Sex and spectacle are on the menu in “Seven Deadly Sins,” a sumptuously staged, deliciously outfitted exploration of vice performed in the meatpacking district, once home to slaughterhouses and sex clubs, though now more about trendy dining and swanky shopping.
Yet this feast for the eyes — bringing to life seven short plays performed in storefronts to audiences who mostly watch through glass but listen on headphones — turns out to be more about appearances than anything else.
Originally conceived by Michel Hausmann for a theater in Miami Beach and directed by Moisés Kaufman, this iteration of “Seven Deadly Sins” features work by its director (covering greed) as well as by the notable playwrights Ngozi Anyanwu (gluttony), Thomas Bradshaw (sloth), MJ Kaufman (pride), Jeffrey LaHoste (envy), Ming Peiffer (wrath) and Bess Wohl (lust).

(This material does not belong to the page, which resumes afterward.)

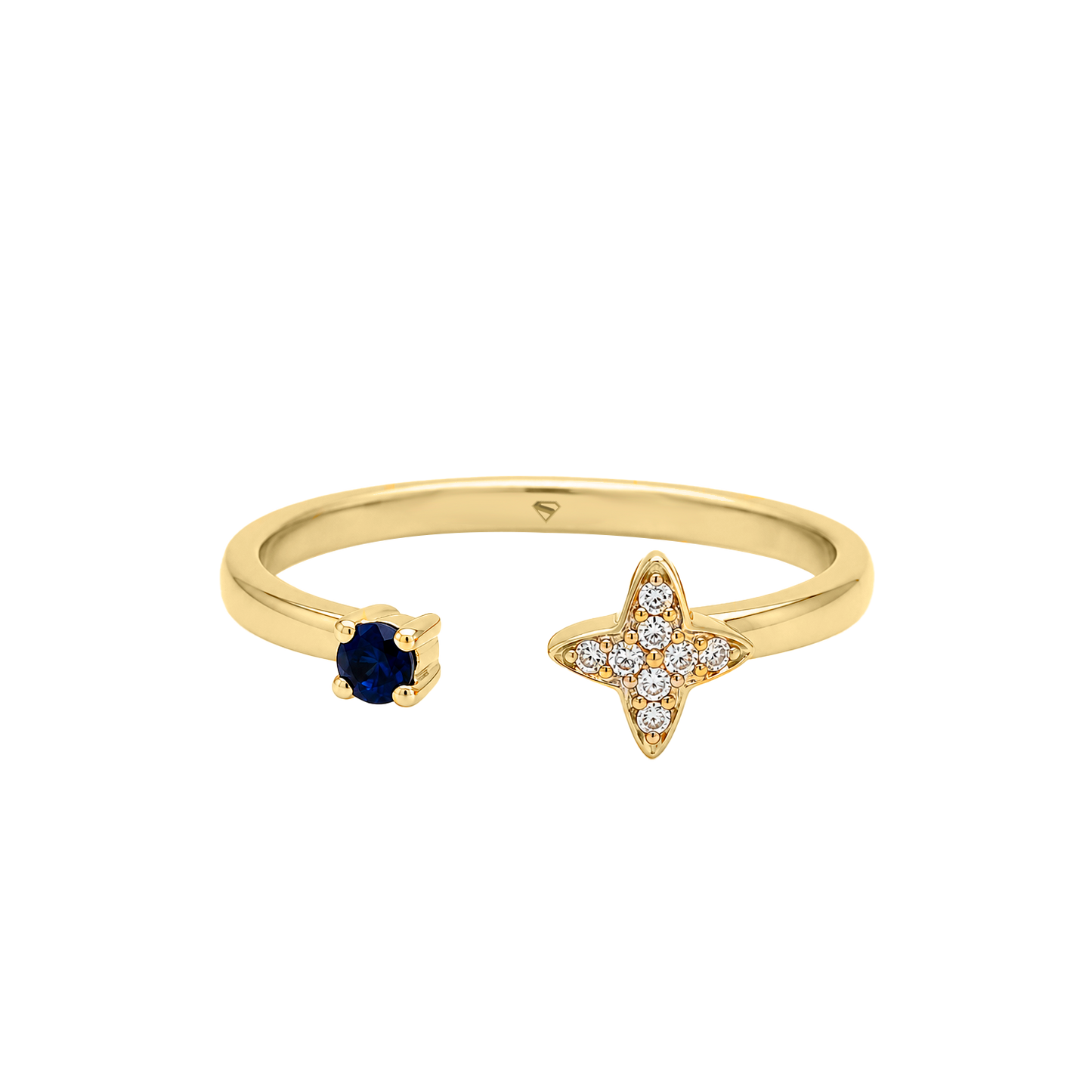 Anillo estelar de oro amarillo 14K con zafiro azul redondo y diamantes corte brillante.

But we begin in Purgatory (a blue neon sign makes that clear) greeted by Shuga Cain from Season 11 of “RuPaul’s Drag Race,” who arrives like a beautiful, lip-syncing hurricane of gloss and glitter in the first of Dede Ayite’s many stunning costumes.

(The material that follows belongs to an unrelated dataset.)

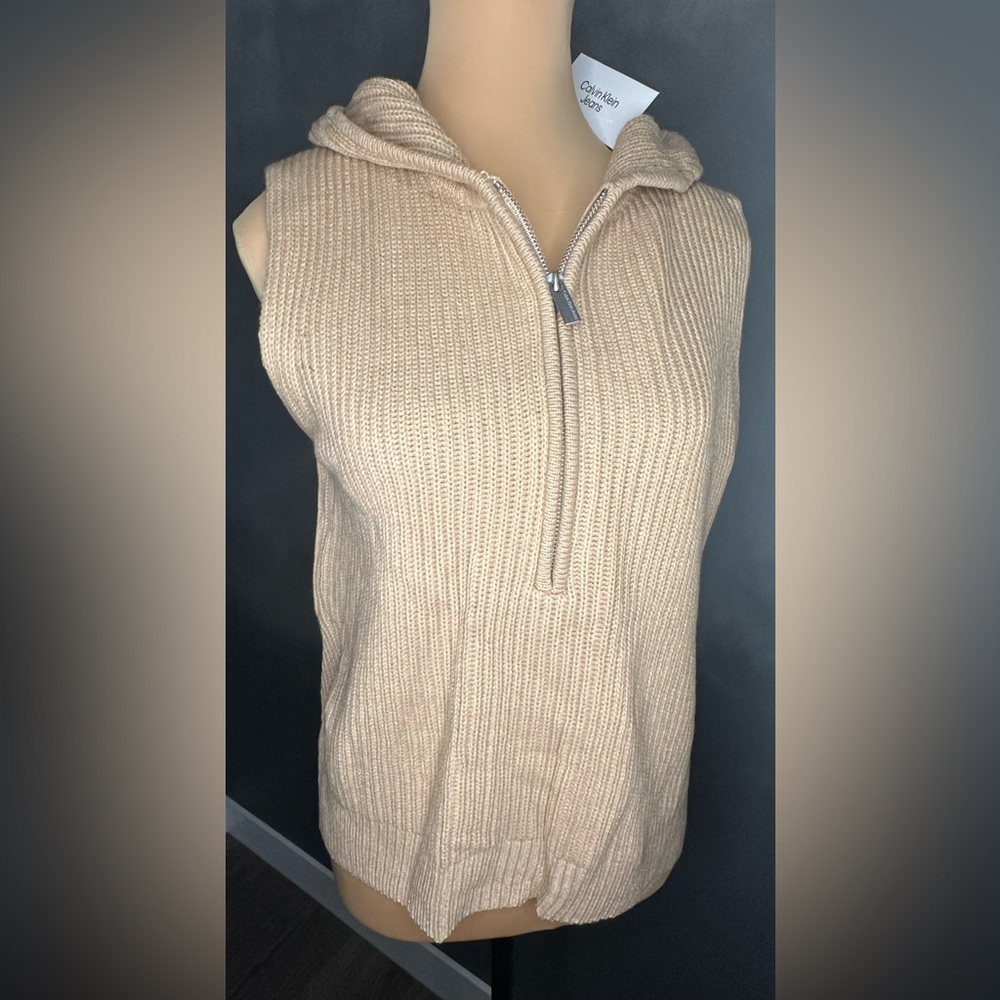 Calvin Klein Tan Hooded V-Neck Sleeveless Sweater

“What better place to look at human nature than the stage,” she purrs, setting in motion how the show will work: Each of three groups will maneuver through the circuit of plays in a different order over a three-block radius, sitting to watch each roughly 10-minute performance before rising and walking to the next.
My first sin of the night was gluttony, for which Anyanwu presents an alternative Garden of Eden story with “Tell Me Everything You Know”: Here it’s just Eve, here called “Naked” (a timid Morgan McGhee) and mostly covered in knee-length dreadlocks, and the snake, called “Clothed” (a sultry Shavanna Calder), in a sleek black bodysuit and a ponytail of hair styled into giant interconnected chain links. The snake’s temptation becomes queer in this context, and Anyanwu has linguistic fun with her Eve’s awakening, which comes in a verbal cascade.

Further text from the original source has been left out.